**Task details**
The response should repeat word for word every line below from the one with "Visit The Zoo" to the one with "Bichoodle/Poochon Pups QLD❤️Gorgeous", inclusive, and nothing else; leave pictures out.

(Short text fragments from websites)
-=-=-
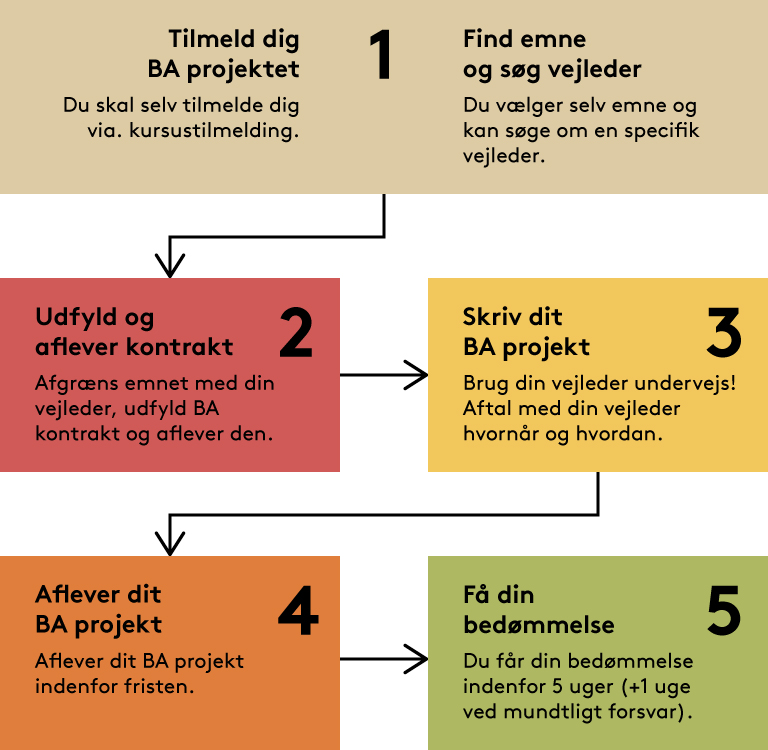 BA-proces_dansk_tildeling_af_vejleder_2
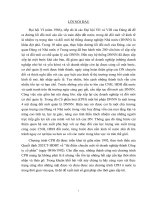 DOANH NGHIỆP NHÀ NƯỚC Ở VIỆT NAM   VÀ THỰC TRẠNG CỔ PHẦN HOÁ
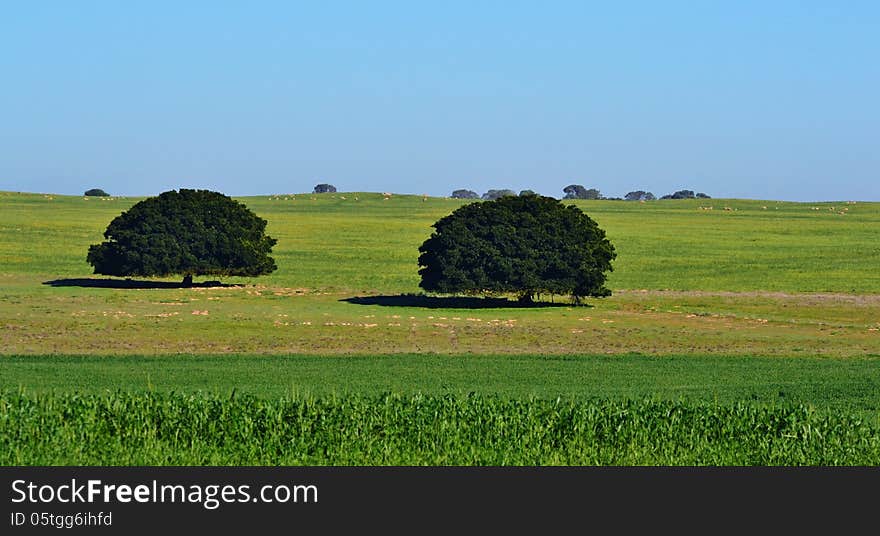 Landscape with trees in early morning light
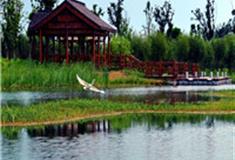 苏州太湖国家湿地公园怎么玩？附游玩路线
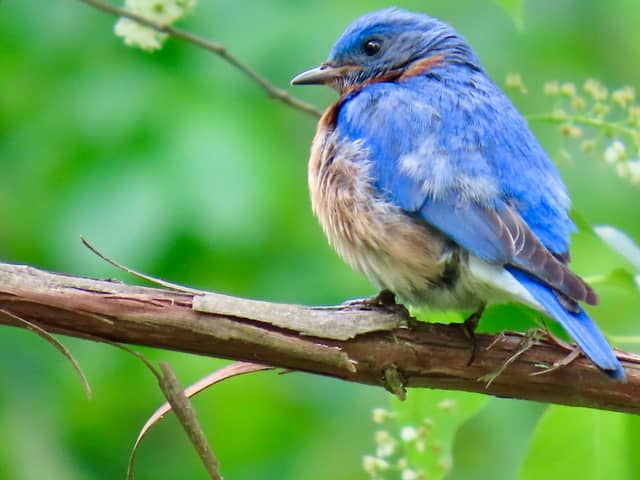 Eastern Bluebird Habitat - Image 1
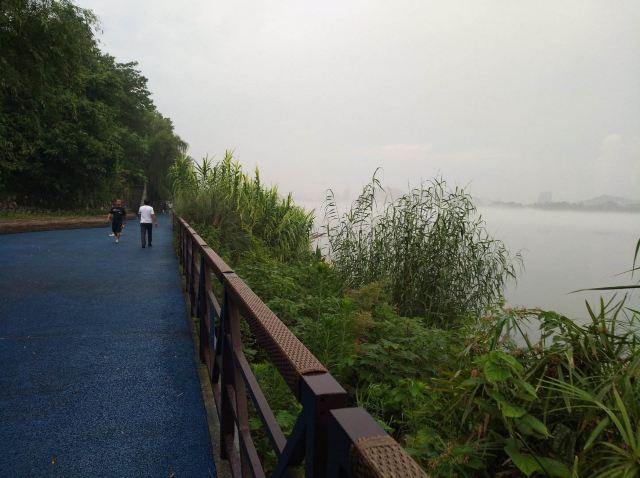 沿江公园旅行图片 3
-=-=-
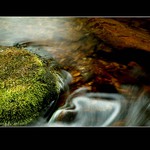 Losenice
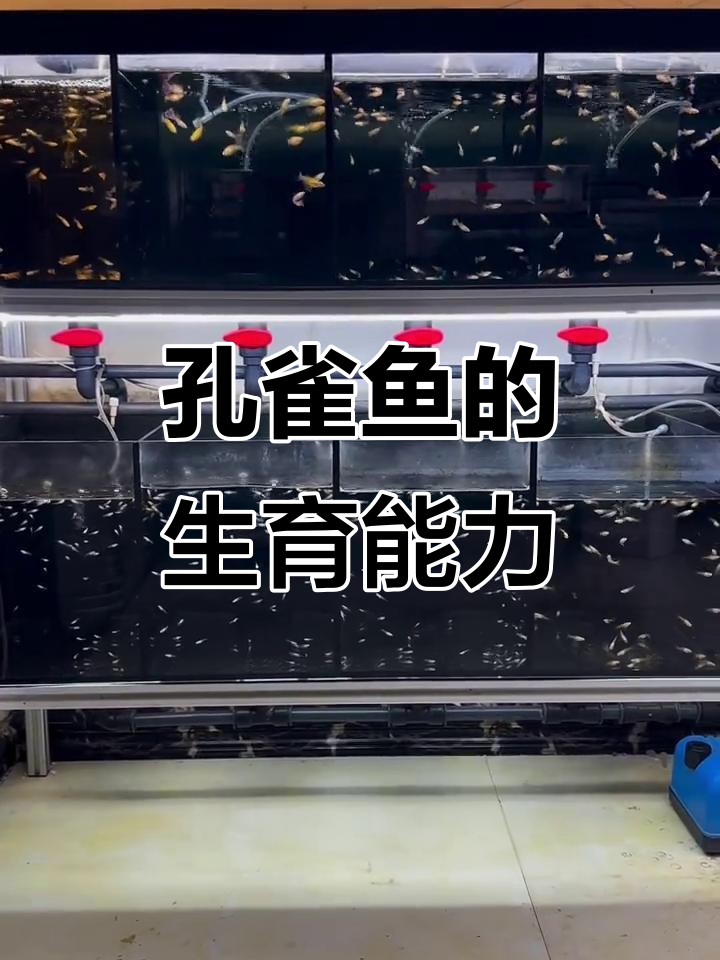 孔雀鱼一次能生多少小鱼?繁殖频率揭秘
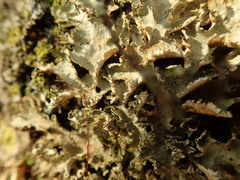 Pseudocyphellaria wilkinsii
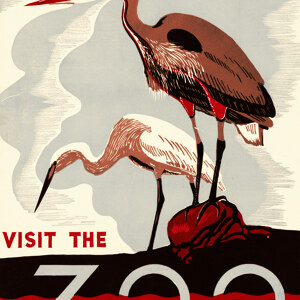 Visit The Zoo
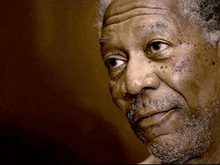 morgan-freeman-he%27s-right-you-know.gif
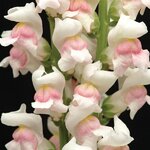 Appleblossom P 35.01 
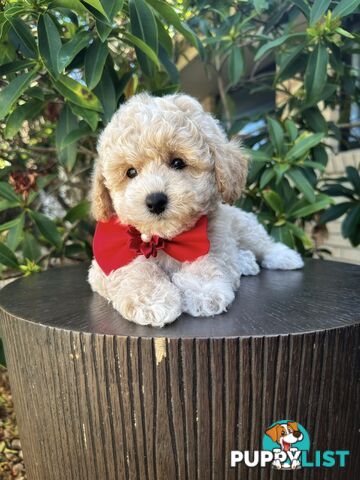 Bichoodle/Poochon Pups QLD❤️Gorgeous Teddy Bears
-=-=-
**Answer below**
 Visit The Zoo
 morgan-freeman-he%27s-right-you-know.gif
 Appleblossom P 35.01 
 Bichoodle/Poochon Pups QLD❤️Gorgeous Teddy Bears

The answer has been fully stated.